- Christopher Kublan is known for Friends and Romans (2014), Giving It Up (1999) and Beyoncé: Yoncé (2013).
- The films he directs are about New Yorkers
- He was the one who gave Mark Feuerstein the nickname "Chaplin".
- His father does the illustration-artwork for his films.
- He bears an uncanny resemblance to actor Mark Feuerstein, whom he cast in his first feature "Giving it Up".
- Everybody can relate to the idea of not letting authority have its way over you. That's what the organized crime thing was really about.
- I was way more influenced by films about theater in Hollywood or films about Italian-Americans that weren't mafia related. Tone-wise, I loved "Moonstruck" which affectionately and funnily but still accurately conveyed the Italian-American experience without condescending to it. And then Preston Sturges' "Sullivan's Travels," a great film about a successful 1940's Hollywood comedy director who wants to do dramas, sets out into the world dressed as a bum and with no money and through a series of calamitous circumstances, comes to learn that making people laugh is about as an important a thing as you can do in this business.
- The atmosphere that I aim to create on set is familial, particularly with comedies. I want everyone to be as relaxed and as free as possible, so that they can explore these characters. I create that atmosphere as much as I can on a low-budget film, so that everyone feels comfortable and open enough to contribute their ideas.
- My approach to directing, with comedy or any genre, has always followed the thought that when you arrive on the set, the script is a guideline. You're looking for nuggets of truth in the reality, and you really have to embrace that reality.
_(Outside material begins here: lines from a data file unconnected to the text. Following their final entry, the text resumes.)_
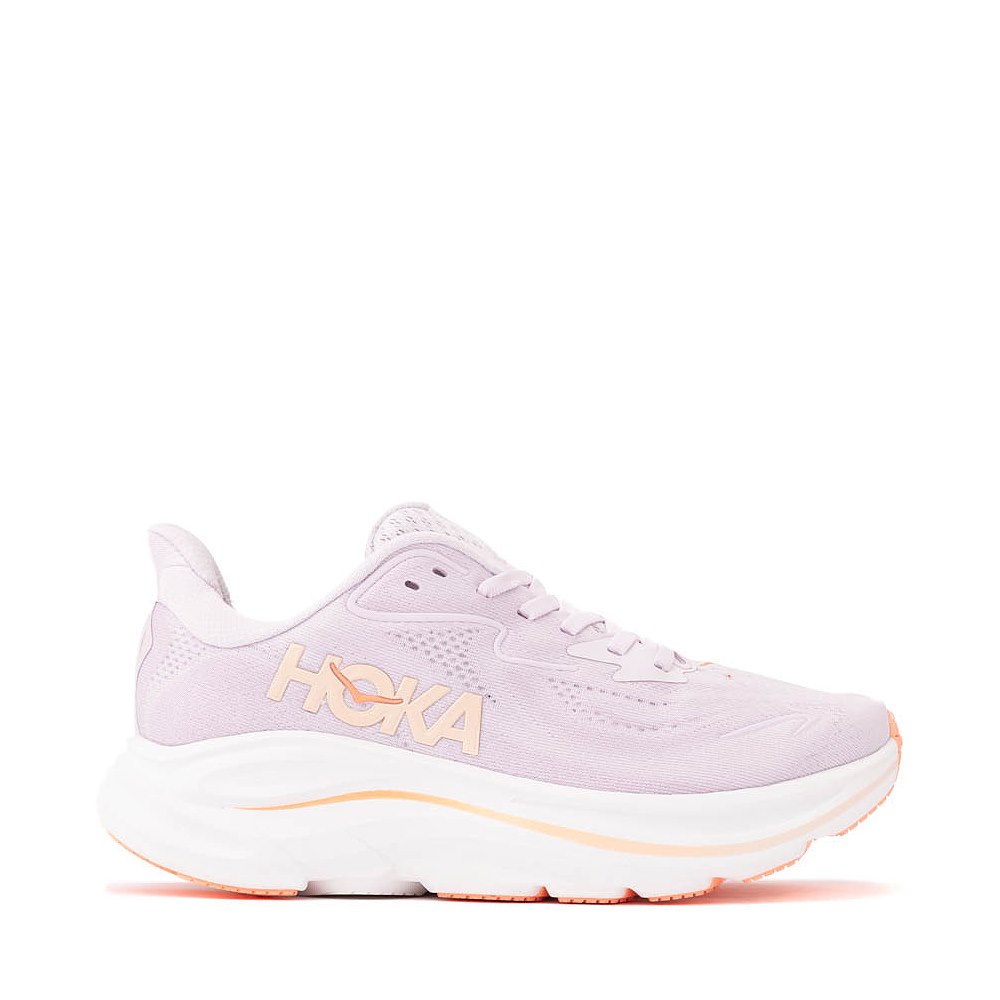 Womens HOKA Clifton 10 Athletic Shoe - Lilac Cream / Tangerine Glow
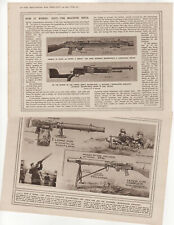 WW1 Print How It Works The Machine Rifle Lewis Gun & Hotchkiss Mitrailleuse 1915 picture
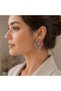 Pastel Colored Acetate Earrings |   Stone Detailed Large Size Women's Earrings - 3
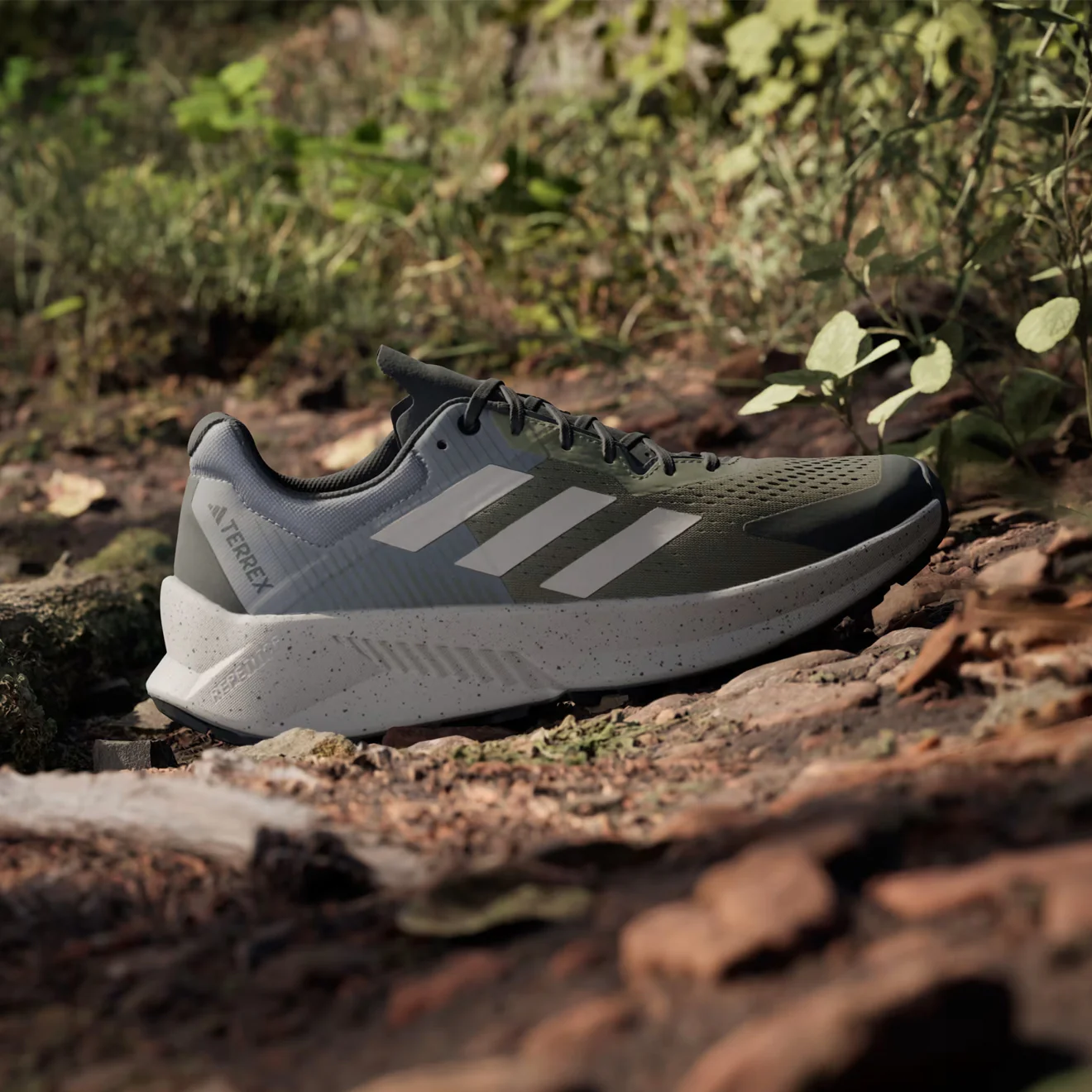 Adidas Terrex Soulstride Flow Trail Running Shoe Olive Strata / Wonder Beige / Charcoal - Image 2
- I think that the mob experience, the organized crime experience has a very direct link to the American dream because it is entrepreneurial and yet these are people who shun conventional social mores. They're entrepreneurial in the traditional American dream sense but they are not willing to play by the rules of American society or the law. So I think Americans inherently have a great love of risk takers and law breakers. America was formed by risk takers and law breakers. The pilgrims and the Boston Tea Party, they were taking risks and they were breaking laws that they didn't feel were just. Just like organized crime came about as a response to prohibition which was clearly not a just or even viable law or it wouldn't have ultimately been repealed.